Exactly the lines from the one containing "उच्च गुणवत्ता वाले" through the final line of the data below, with pictures omitted, make up the answer.

[Supplied information — start]

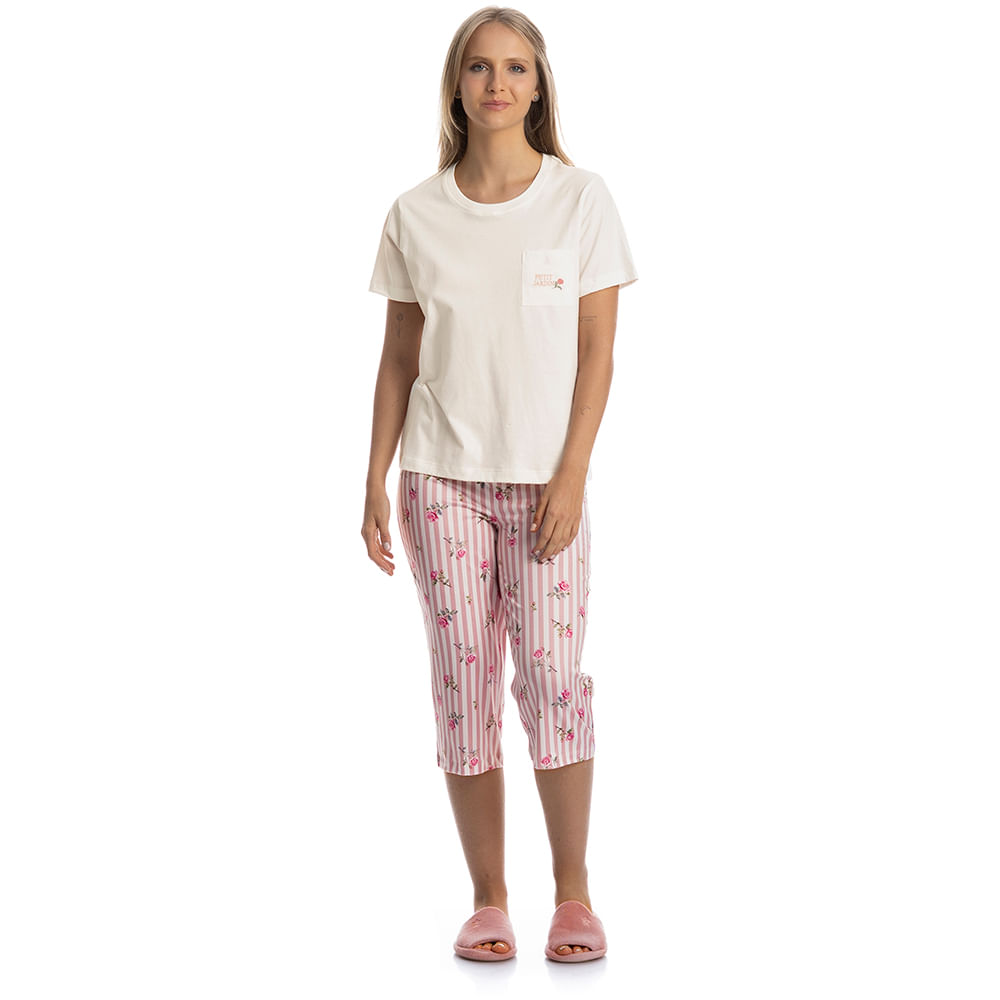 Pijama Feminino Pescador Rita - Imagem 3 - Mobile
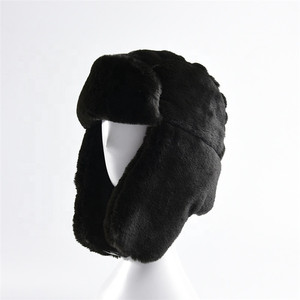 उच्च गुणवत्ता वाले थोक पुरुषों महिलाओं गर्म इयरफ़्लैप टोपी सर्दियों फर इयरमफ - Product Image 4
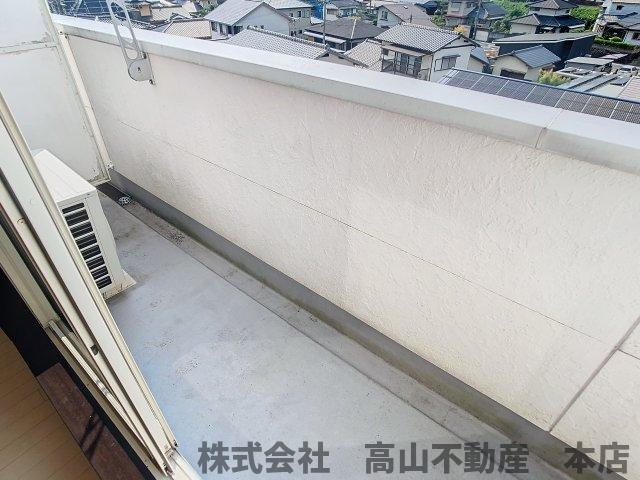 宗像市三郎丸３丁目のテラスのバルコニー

[Supplied information — finish]

Solution for this exercise:
 उच्च गुणवत्ता वाले थोक पुरुषों महिलाओं गर्म इयरफ़्लैप टोपी सर्दियों फर इयरमफ - Product Image 4
 宗像市三郎丸３丁目のテラスのバルコニー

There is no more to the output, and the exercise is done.